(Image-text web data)

+ + + + +

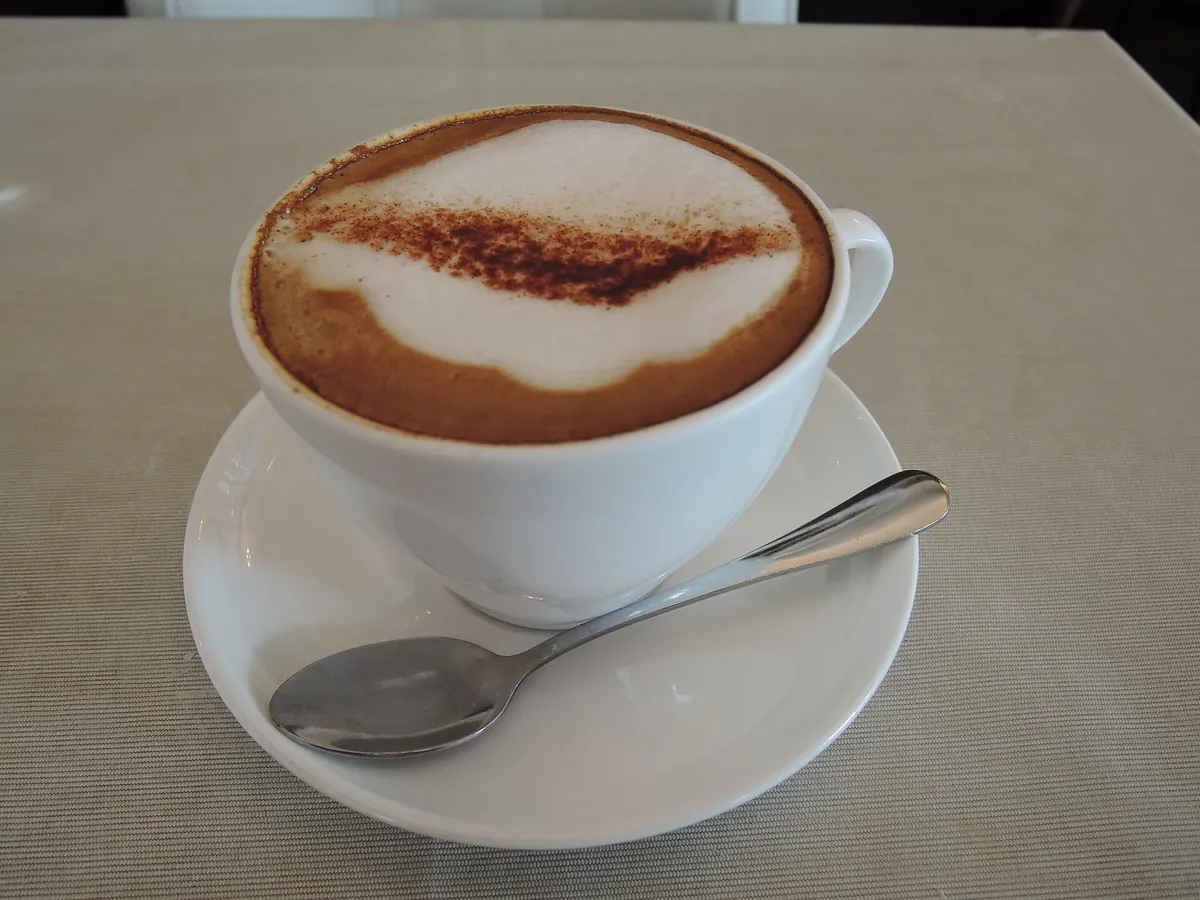 Café food typical of The Coffee Dock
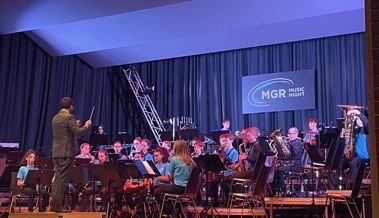 MGR verabschiedet Dirigent Ramon Rinaldi an «Music Night»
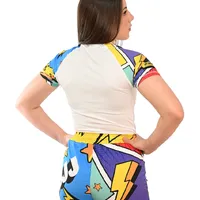 Rash Guard Feminina Colors Branca - imagem 5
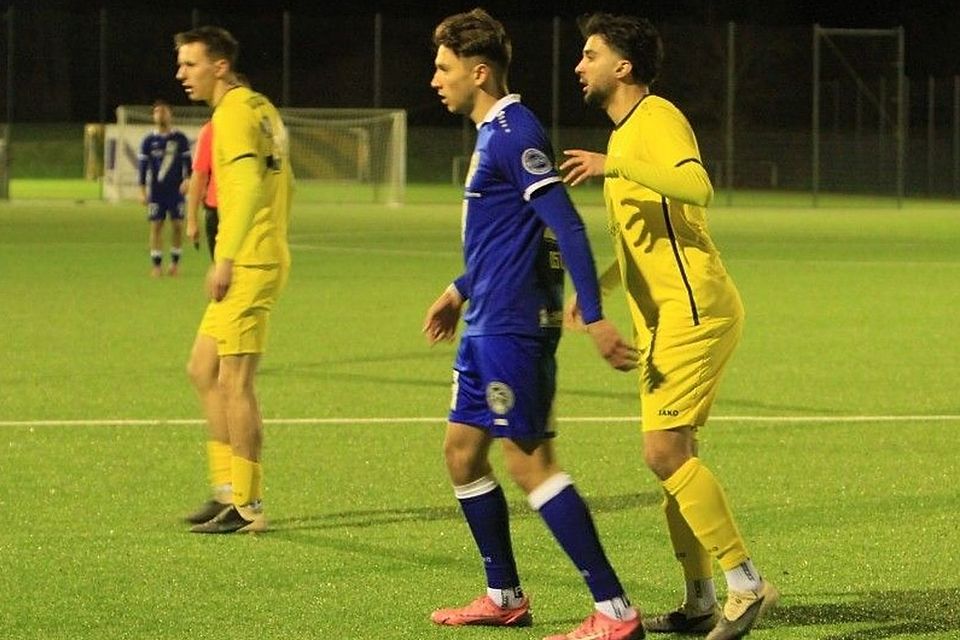 Der OSV Meerbusch will am Freitagabend vorlegen.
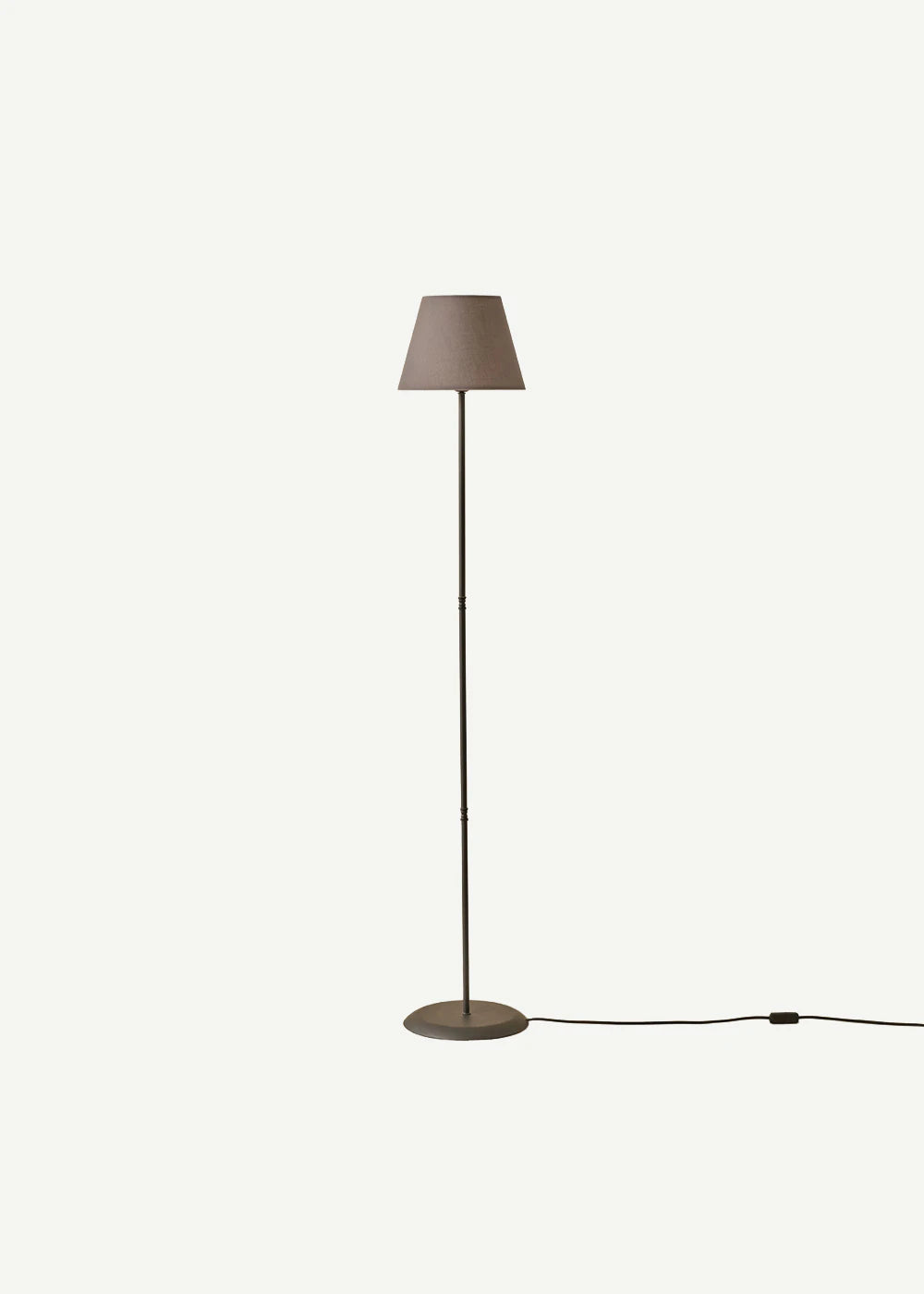 Zenith Metal Lambader Antrasit (38x21x145 cm)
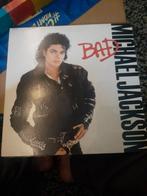 Michael Jackson BAD lp, Ophalen of Verzenden, 1980 tot 2000, Zo goed als nieuw, Overige formaten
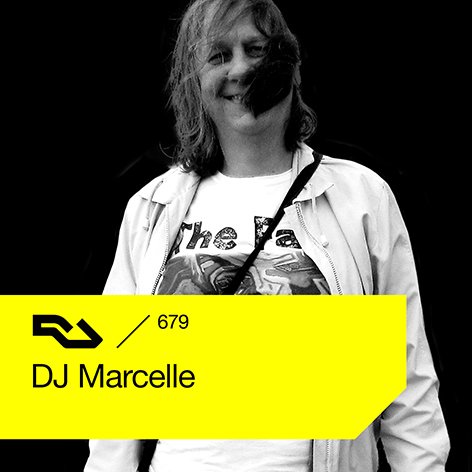 residentadvisor's tweet image. RA.679 DJ Marcelle residentadvisor.net/podcast-episod…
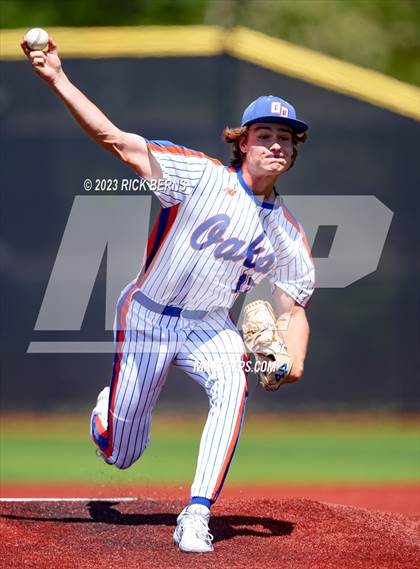 Thumbnail 2 in Grand Oaks vs Willis photogallery.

+ + + + +

### Task item:
Would you restate all of the data above word for word, omitting the pictures?

### Output for this task:
 Café food typical of The Coffee Dock
 MGR verabschiedet Dirigent Ramon Rinaldi an «Music Night»
 Rash Guard Feminina Colors Branca - imagem 5
 Der OSV Meerbusch will am Freitagabend vorlegen.
 Zenith Metal Lambader Antrasit (38x21x145 cm)
 Michael Jackson BAD lp, Ophalen of Verzenden, 1980 tot 2000, Zo goed als nieuw, Overige formaten
 residentadvisor's tweet image. RA.679 DJ Marcelle residentadvisor.net/podcast-episod…
 Thumbnail 2 in Grand Oaks vs Willis photogallery.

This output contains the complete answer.